* **Problem statement**: All lines from the one bearing "斐色耐高清化妆镜效果,斐色耐yoyo化妆镜测评" through the end of the data below must be printed exactly as they stand, with pictures removed.

(Records contained in a dataset)
*** Block opens ***

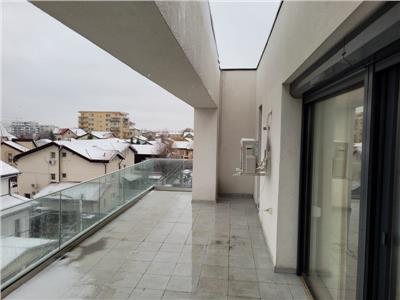 Pipera-Soho Design Apartments
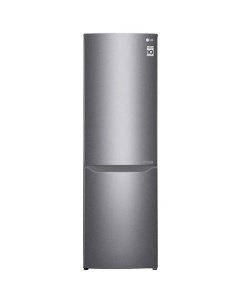 Холодильник двухкамерный GA B419SDJL Total No Frost инверторный графит Lg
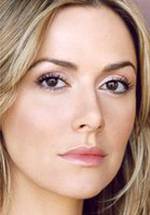 Элисон МакЭти фото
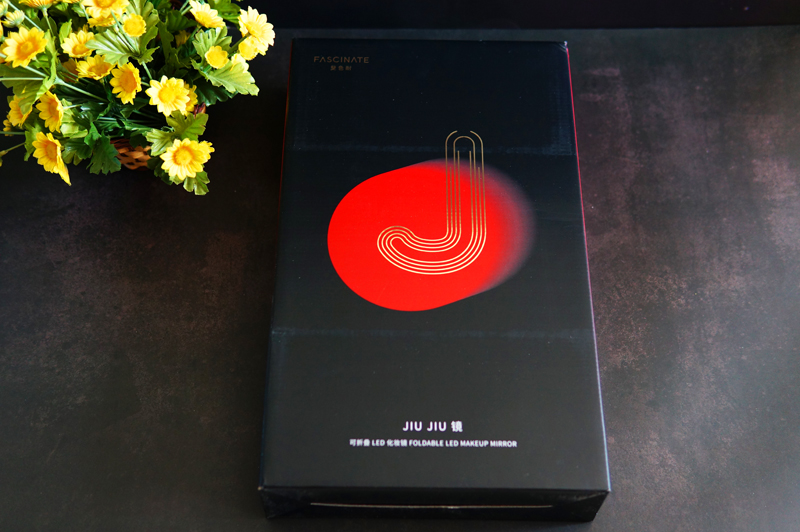 斐色耐高清化妆镜效果,斐色耐yoyo化妆镜测评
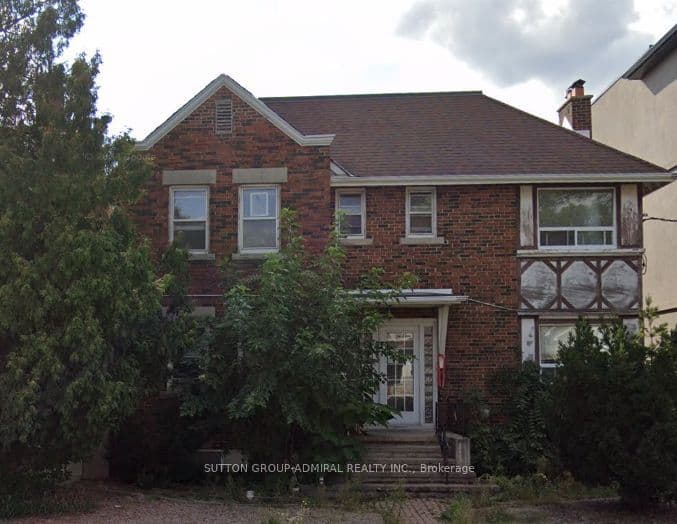 542 Beresford Avenue, Toronto, ON M6S 3C3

*** Block closes ***

* **Final answer**:
 斐色耐高清化妆镜效果,斐色耐yoyo化妆镜测评
 542 Beresford Avenue, Toronto, ON M6S 3C3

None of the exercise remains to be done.